Per cominciare, la Germania ha avviato una competizione sui salari. Ha abbassato il costo relativo della manodopera per far concorrenza alle merci degli altri partner europei.
“Tra il 2000 e il 2010 – scrive Brancaccio - le retribuzioni nominali medie dei 17 paesi membri della zona euro sono aumentate del 27%, mentre in Germania sono cresciute di appena l’11%. Ciò ha comportato un aumento medio dei salari reali europei del 5% circa, a fronte di una crescita tedesca pressoché nulla. Se si guarda poi alla quota salari — che corrisponde al rapporto tra salari reali e produttività del lavoro — il divario viene ulteriormente confermato: nel corso del decennio, tale quota è diminuita in media nell’eurozona di poco più di mezzo punto percentuale, mentre in Germania è crollata di quasi tre punti. Dopo innumerevoli allarmi sulla spietata concorrenza salariale dei cinesi, fa indubbiamente un certo effetto scoprire che il principale artefice della gara al ribasso delle retribuzioni relative è il paese leader dell’Unione Europea”[39]
Grazie a questa concorrenza al ribasso la Germania ha realizzato avanzi verso l'estero, avanzi finanziati con acquisti massicci di titoli pubblici dei paesi con le bilance commerciali in rosso.
Se i lavoratori dei paesi mediterranei se la passano male, e se rischia di saltare l'Euro, la colpa è della Germania.
Siamo arrivati così all'altro tema discusso sulle bacheche, l'uscita dell'Italia dall'Euro.
L'Italia deve uscire immediatamente dall'Euro – si legge su facebook. L'Europa è uno schifo, e la sinistra, col suo perbenismo, fa ancora fatica a capirlo, e perciò fa ancora più schifo della destra.
A dire il vero anche Brancaccio non è proprio convinto che uscire dall'Euro sia la migliore delle soluzioni.
È vero – scrive – che l'uscita dall'euro, e un ritorno alla lira, permetterebbe di svalutare la moneta, ridurre il debito e aumentare la competitività, tutto a danno della Germania. Ma quest'ultima potrebbe compensare le perdite con uno «shopping a buon mercato» delle aziende italiane.

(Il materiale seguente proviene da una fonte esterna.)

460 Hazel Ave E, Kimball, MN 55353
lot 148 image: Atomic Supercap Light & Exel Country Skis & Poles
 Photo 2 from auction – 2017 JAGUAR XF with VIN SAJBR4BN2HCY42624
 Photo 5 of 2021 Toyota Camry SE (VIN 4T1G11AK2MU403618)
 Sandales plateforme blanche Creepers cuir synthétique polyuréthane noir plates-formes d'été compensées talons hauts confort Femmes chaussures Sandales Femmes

Un’eventuale esplosione della zona euro non interromperebbe il processo di centralizzazione dei capitali e la connessa «germanizzazione» dell’Europa.[67]
Facebook si ferma qui, all'uscita dall'euro, come se uscire fosse facile.
A differenza di Facebook Brancaccio propone queste soluzioni alternative: standard del lavoro, repressione finanziaria e pianificazione.
Ora, non starò qui a riassumere le misure proposte. Chi volesse può leggerle direttamente sul bel libricino di Brancaccio e Passarella. Libricino, lo ricordo per i più pigri, che può essere preso in prestito dalla biblioteca anche in forma digitale, quindi senza necessità di schiodare il culo dalla sedia.